94 min | R | January 3, 2020 | Screen Gems
A cursed house collects the dead across years, families, and detectives, and the curse spreads to anyone who steps inside. Andrea Riseborough leads a loaded cast straight into the rot. The house takes everyone and the movie keeps nothing.
Detective Muldoon arrives in a small town and catches a case that leads her to 44 Reyburn Drive. A woman died there. So did her family. The Grudge resets the American franchise around a curse that spreads through a single house and infects everyone who enters it. Nicolas Pesce frames the story as a police procedural haunted by its own mythology. The film wants to be about grief and contagion. It settles for being about a house where bad things happen to people who walk inside.
Andrea Riseborough plays Detective Muldoon with a tight, exhausted focus that the script never rewards. She is a recent widow and a single mother and she carries both losses into every scene. Demián Bichir plays her partner Goodman as a man who already knows the house and refuses to go near it. John Cho and Betty Gilpin play Peter and Nina Spencer, expectant parents who receive devastating medical news and then move into the worst possible address. Lin Shaye plays Faith Matheson, an elderly woman losing her mind, and she finds real terror in the confusion. Jacki Weaver plays Lorna Moody, the right-to-die counselor who enters the Matheson house and never leaves it whole.

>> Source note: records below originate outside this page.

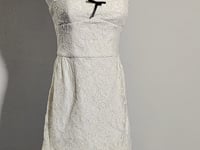 [111]NN Romantic Lace Contrast Color Bow Design-Driven Strapless Dress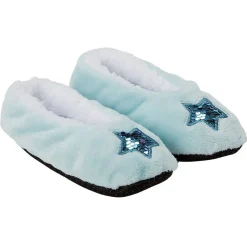Chaussons ballerines enfant étoile bleu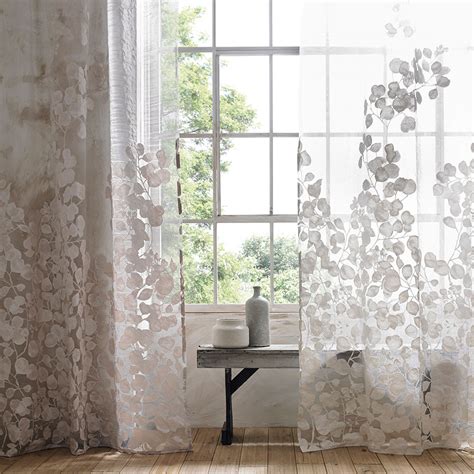 Curtains for large windows in your apartment. Voile curtain ideas - sensational sheers for summer ...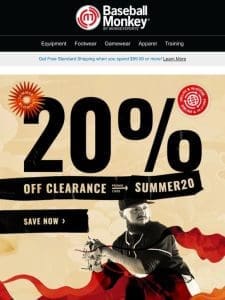 Summer Blowout Savings: 20% Off Clearance Items!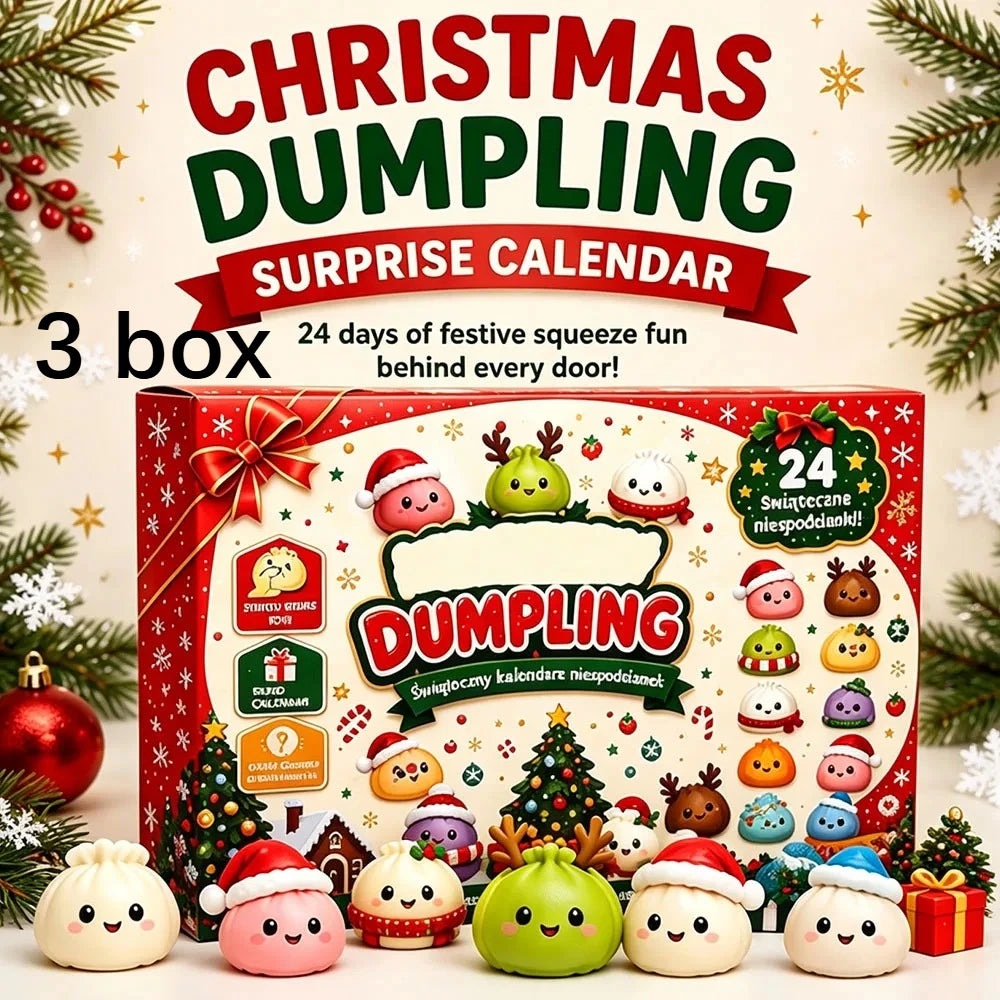 🎄 2026 Christmas Squishy Advent Calendar 🎁 | 24-Day Dumpling Surprise Box ✨
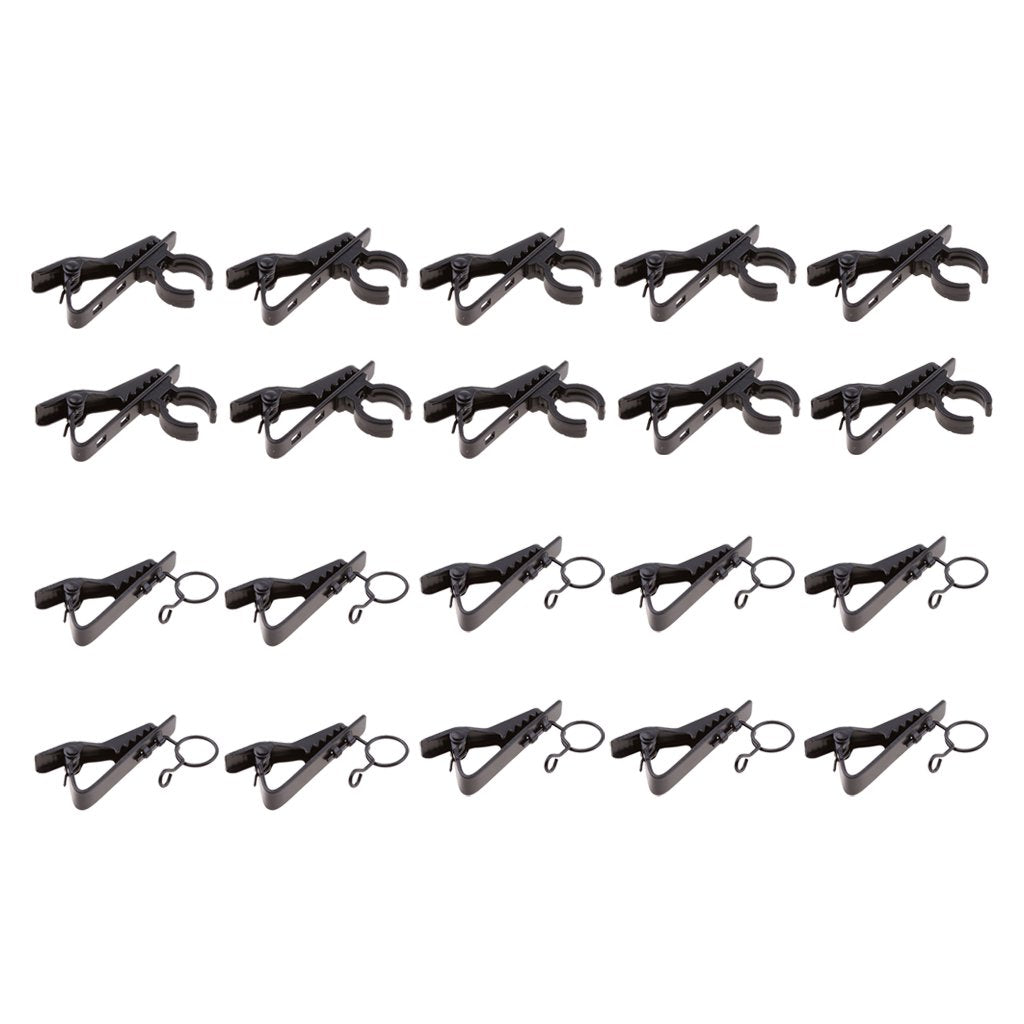 Luzhengyang 20 Pack Mini Metal Microphone Clip Holders 10mm+12mm - Lap - View 3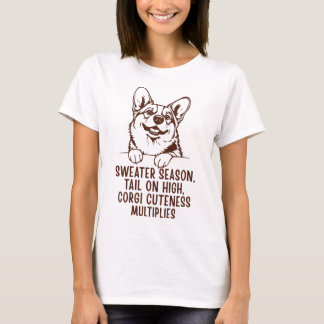Cute Cozy Corgi Lover Tee for Fall & Winter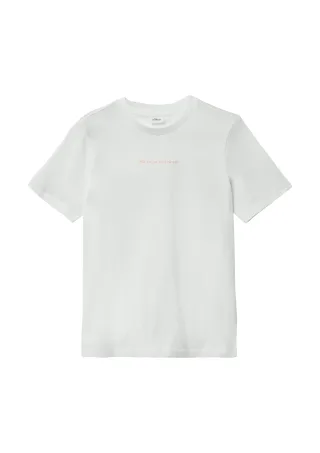 s.Oliver - T-Shirt weiß - Gr. - 134/140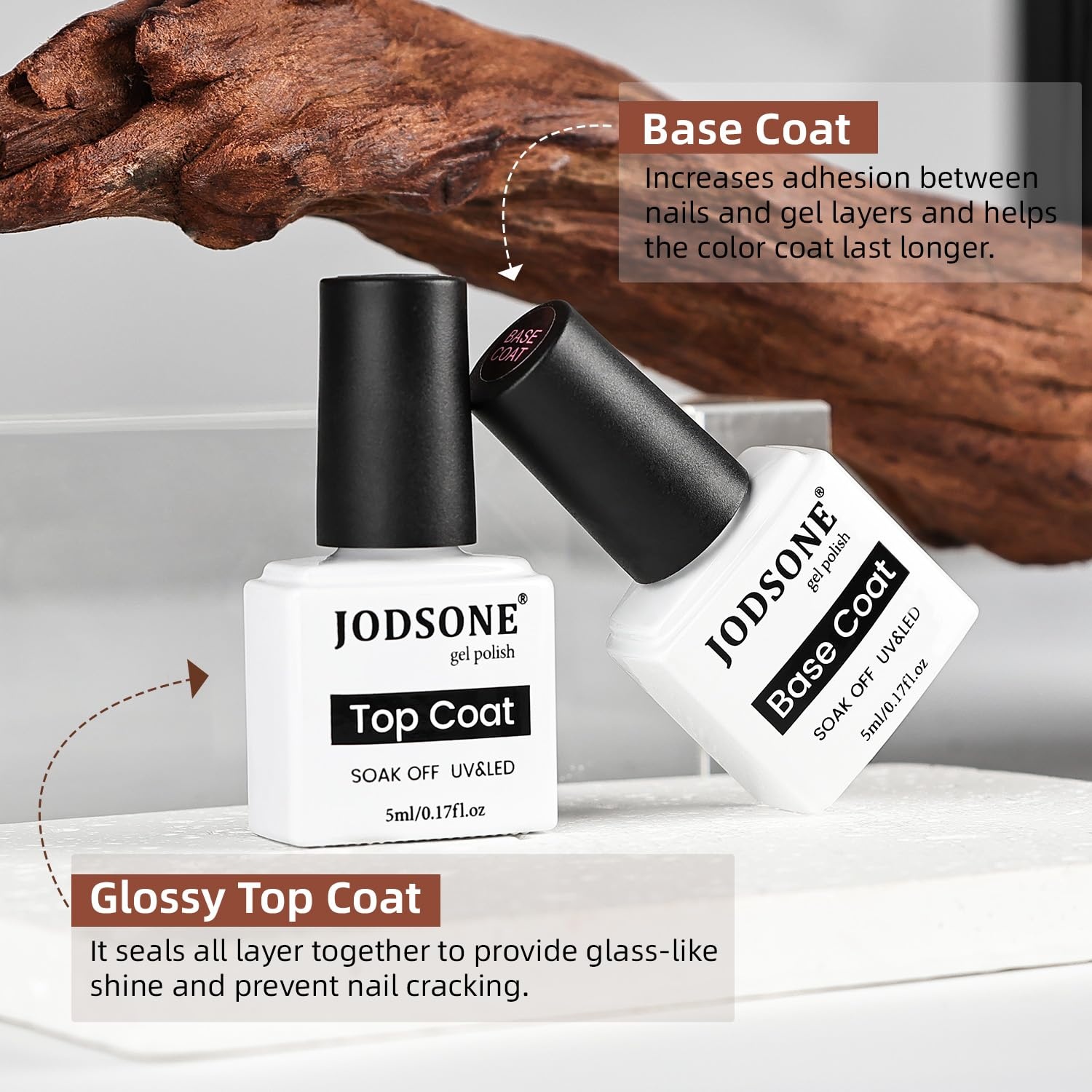 JODSONE 10 Colors Gel Nail Polish Set with Base Coat & Top Coat White Pink Purple and Red Gel Polish for All Seasons Women’s Holiday Gift(10Color-B) - view 7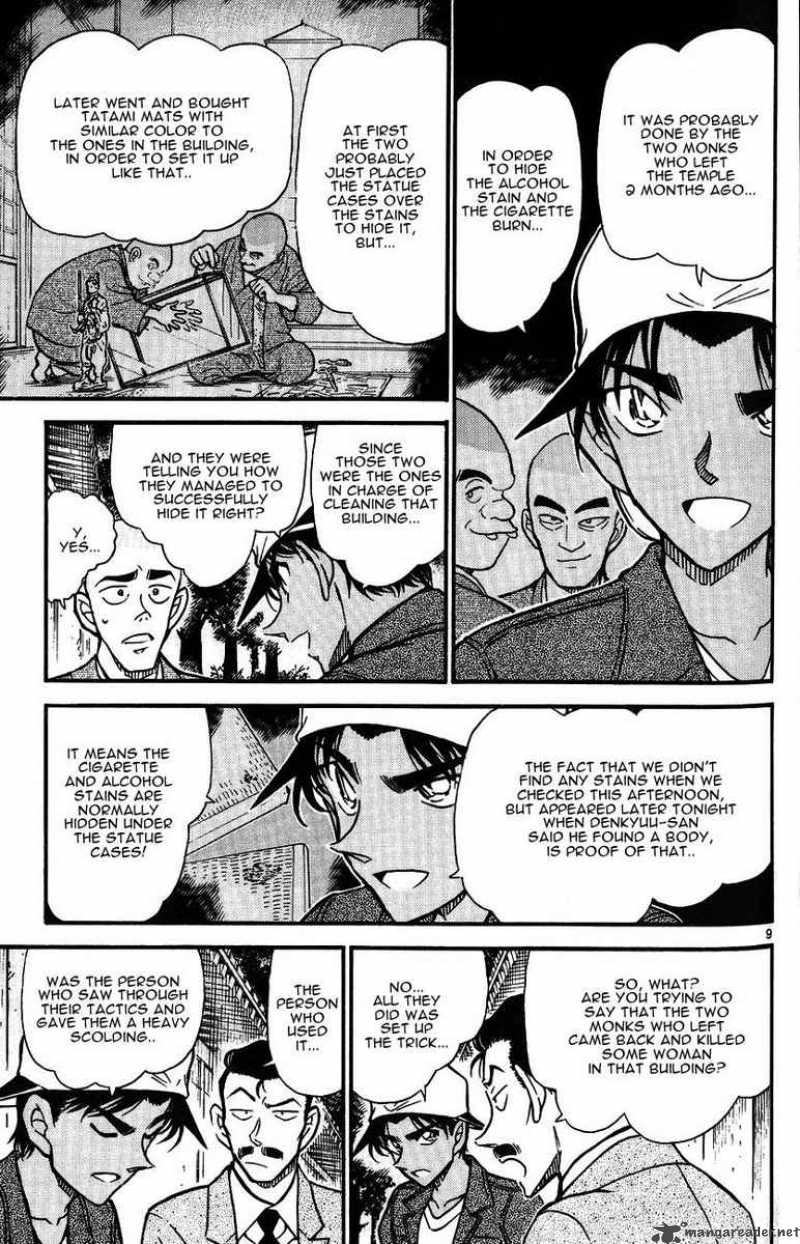 Read Detective Conan Chapter 561 Trick of the Bloodstain - Page 9 For Free In The Highest Quality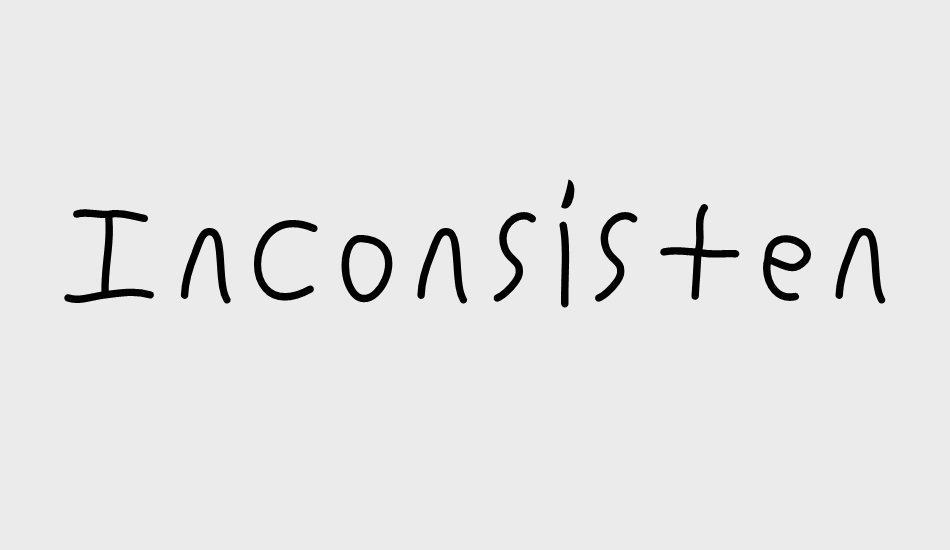 Inconsistent Print free font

Pesce co-writes the script with Jeff Buhler and structures it as a fractured timeline. The film jumps between households and years, all of them orbiting the same address. The intercutting buries any momentum the story builds. A scare lands in one timeline and the film cuts away to another family before the dread can deepen. Pesce shoots the interiors in a sick, desaturated palette and lets the gore turn graphic. The sound design leans on the franchise’s signature death rattle until the croak stops registering as anything but a cue.
The Grudge has a cast that could carry a serious film about loss and the houses that hold it. Riseborough and Bichir and Cho deserve a story that trusts them. Pesce knows how to stage a disturbing image and proves it more than once. The structure works against him at every turn. The film keeps reaching for a generational tragedy and grabbing a jump scare instead. It ends where it began, in a house that takes everyone and means nothing.